Exercise materials>
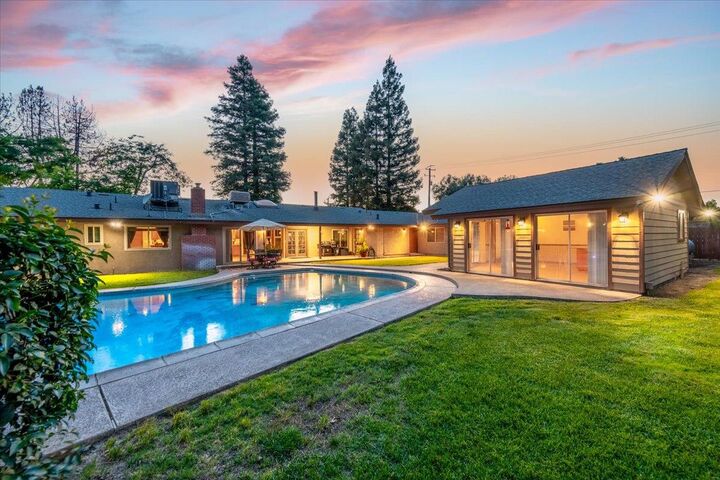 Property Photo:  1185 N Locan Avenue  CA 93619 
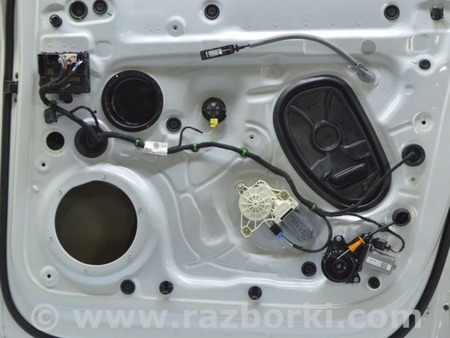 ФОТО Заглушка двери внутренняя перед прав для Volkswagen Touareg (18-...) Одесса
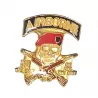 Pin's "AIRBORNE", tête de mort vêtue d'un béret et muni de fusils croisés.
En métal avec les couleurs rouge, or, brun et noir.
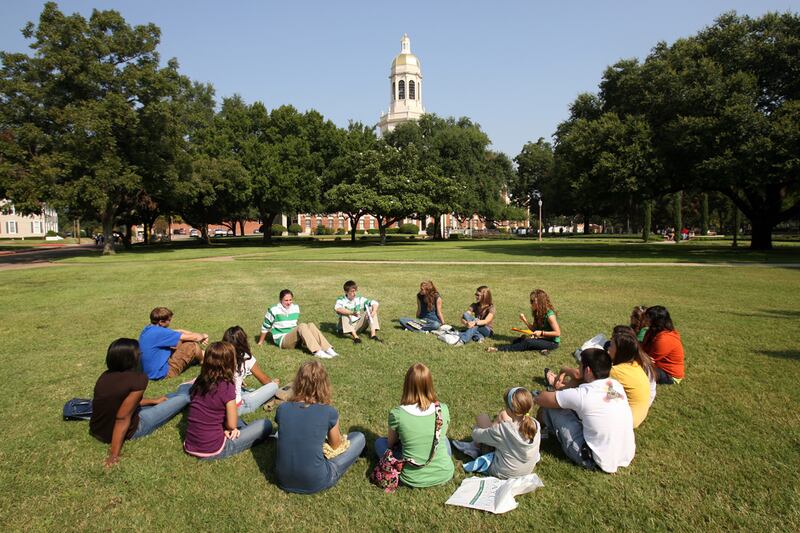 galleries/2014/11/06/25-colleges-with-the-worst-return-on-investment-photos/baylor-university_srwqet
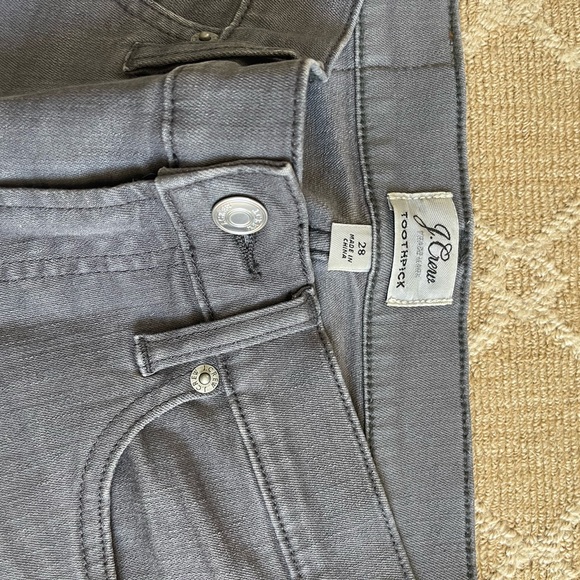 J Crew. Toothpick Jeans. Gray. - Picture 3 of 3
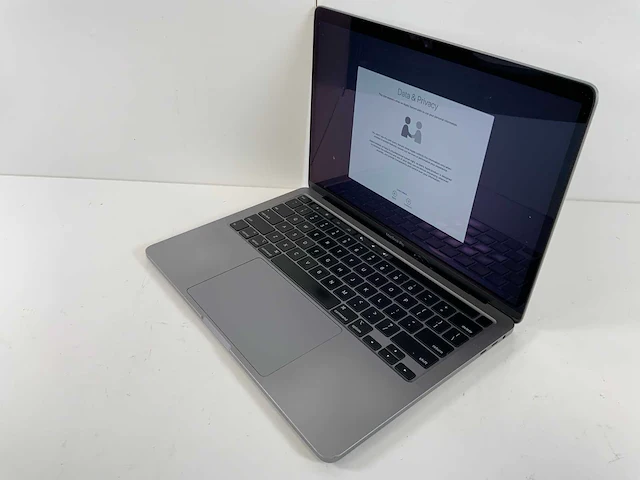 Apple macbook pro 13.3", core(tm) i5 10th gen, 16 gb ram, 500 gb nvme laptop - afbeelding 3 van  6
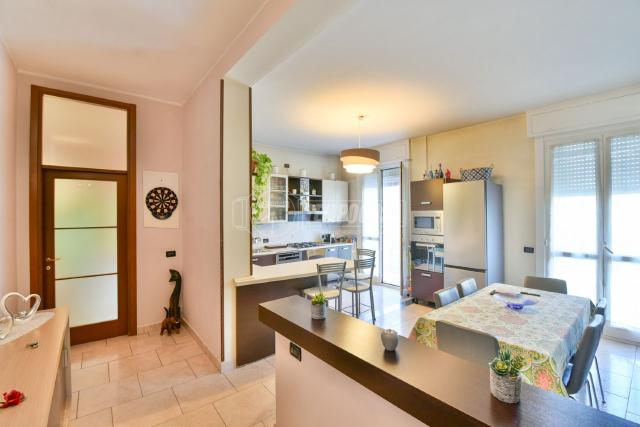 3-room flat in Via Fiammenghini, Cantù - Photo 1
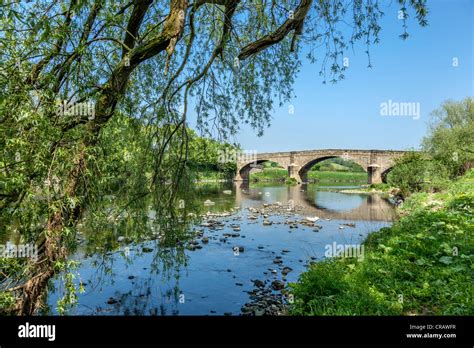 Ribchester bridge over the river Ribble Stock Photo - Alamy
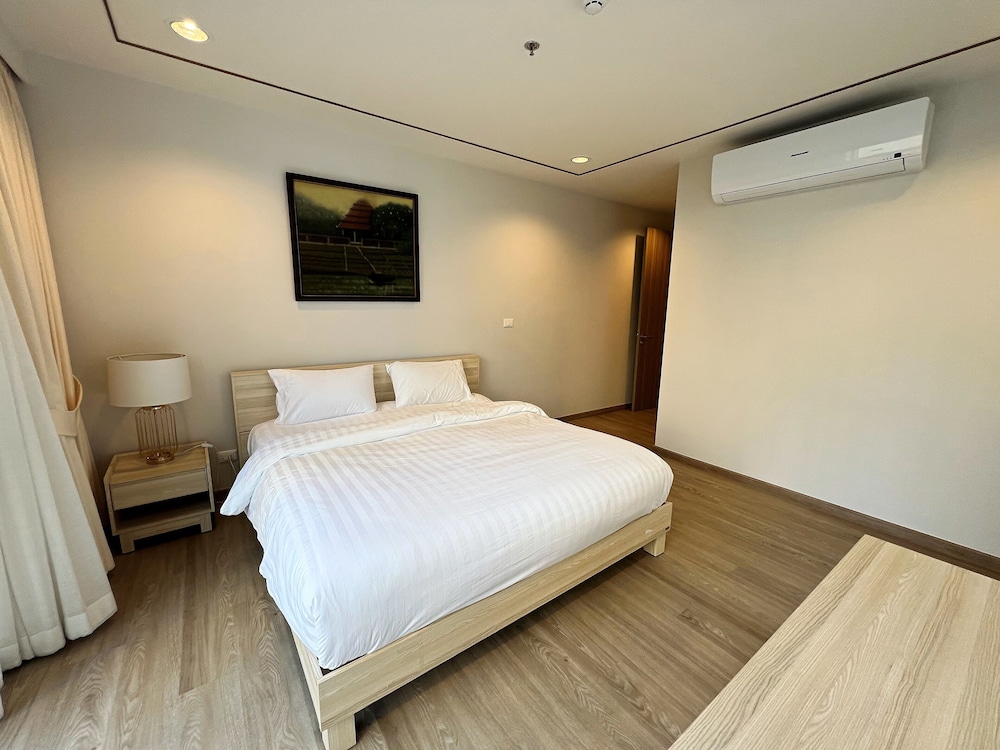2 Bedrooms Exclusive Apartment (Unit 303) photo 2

What you need to do>
From the first line to the last, repeat the records exactly, leaving out the pictures.

Your response>
 Property Photo:  1185 N Locan Avenue  CA 93619 
 ФОТО Заглушка двери внутренняя перед прав для Volkswagen Touareg (18-...) Одесса
 Pin's "AIRBORNE", tête de mort vêtue d'un béret et muni de fusils croisés.
En métal avec les couleurs rouge, or, brun et noir.
 galleries/2014/11/06/25-colleges-with-the-worst-return-on-investment-photos/baylor-university_srwqet
 J Crew. Toothpick Jeans. Gray. - Picture 3 of 3
 Apple macbook pro 13.3", core(tm) i5 10th gen, 16 gb ram, 500 gb nvme laptop - afbeelding 3 van  6
 3-room flat in Via Fiammenghini, Cantù - Photo 1
 Ribchester bridge over the river Ribble Stock Photo - Alamy
2 Bedrooms Exclusive Apartment (Unit 303) photo 2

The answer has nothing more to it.